Tasmania is about to experience a surge in foreign investment in residential real estate, according to a respected property survey.
Respondents to the quarterly ANZ/Property Council survey forecast that foreign investors would be responsible for 13.8 per cent of residential purchases in Tasmania in the March 2016 quarter.
That compares to just 2.8 per cent in June 2015, 4 per cent in September 2015 and 2.8 per cent in December 2015.
Victoria is tipped to receive the most foreign investment, with 27.6 per cent, which would be a reduction on the 30.1 per cent figure for the December 2015 quarter.
NSW is likely to be close behind, with forecasts showing its foreign investment share will climb from 24.8 per cent in December 2015 to 27.1 per cent in March 2016.

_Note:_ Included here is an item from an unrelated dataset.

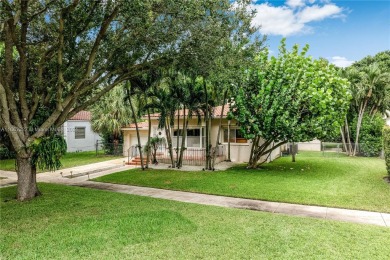 If you're seeking charm, a spacious backyard, and a prime on Miami Shores Country Club in Florida - for sale on GolfHomes.com, golf home, golf lot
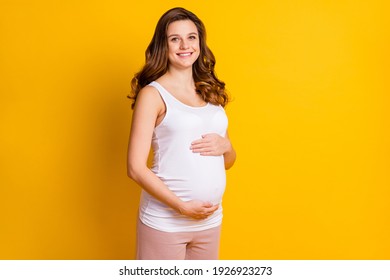 Photo of pretty shiny lady waiting baby dressed white clothes hugging tummy isolated yellow color background - Powered by Shutterstock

Queensland is forecast to fall from 19 per cent to 18 per cent, while South Australia is forecast to fall from 18.9 per cent to 13.3 per cent.
Western Australia is expected to experience a quarterly increase, from 11.9 per cent to 12.6 per cent, while the ACT will move the other way, from 14 per cent to 10.7 per cent.
Throughout Australia, foreign investors are forecast to make 21.9 per cent of residential purchases in the March 2016 quarter.
That compares to 22.4 per cent in June 2015, 22.4 per cent in September 2015 and 22.3 per cent in December 2015.